Entries shown:
==================================================
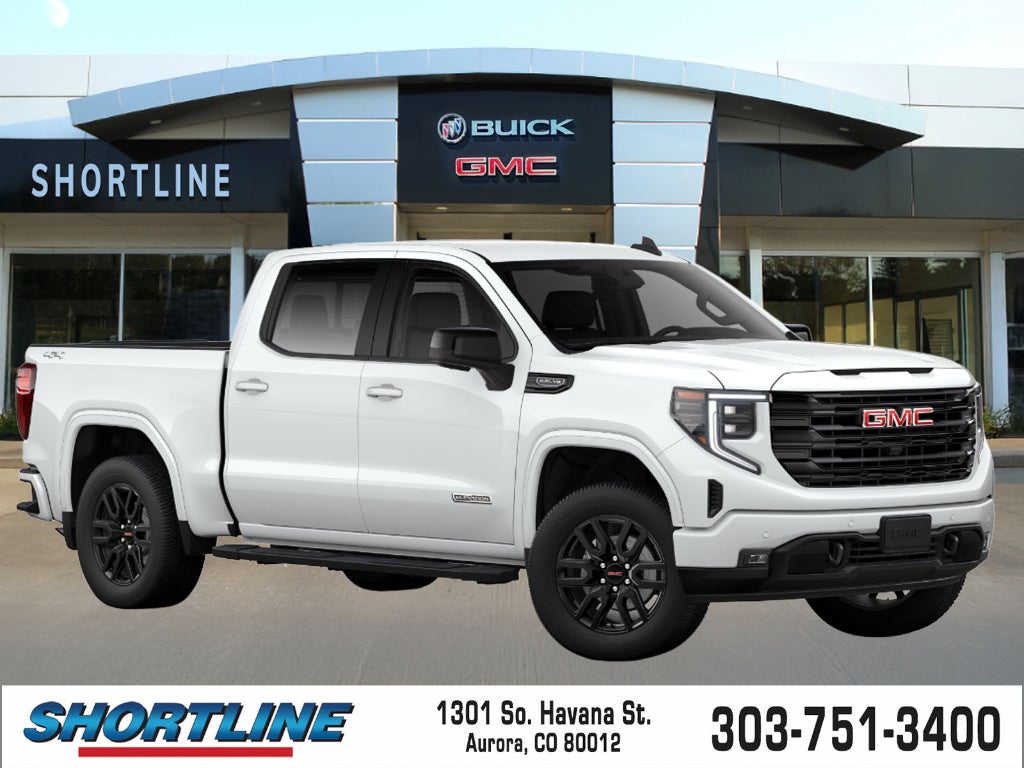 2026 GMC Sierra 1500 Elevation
==================================================
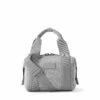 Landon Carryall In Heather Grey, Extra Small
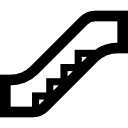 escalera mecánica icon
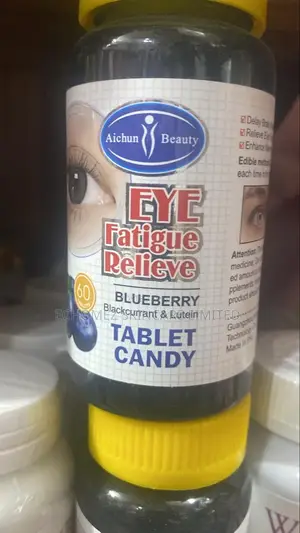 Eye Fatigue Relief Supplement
==================================================
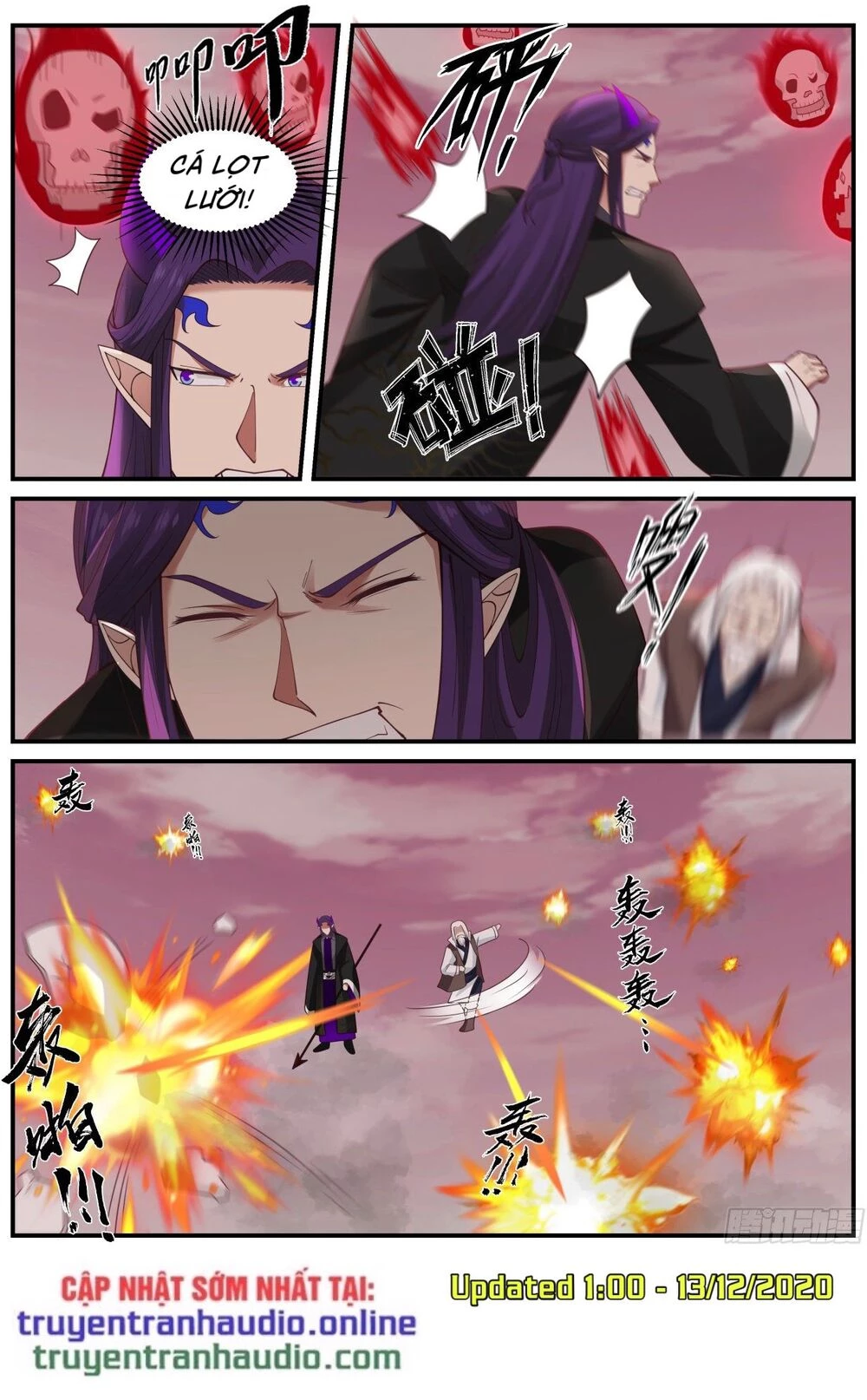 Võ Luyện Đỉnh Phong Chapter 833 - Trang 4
==================================================
Print, exactly, each line above from the one with "Landon Carryall In Heather Grey, Extra Small" to the one with "Eye Fatigue Relief Supplement", end lines included. Leave pictures out of it.

 Landon Carryall In Heather Grey, Extra Small
 escalera mecánica icon
 Eye Fatigue Relief Supplement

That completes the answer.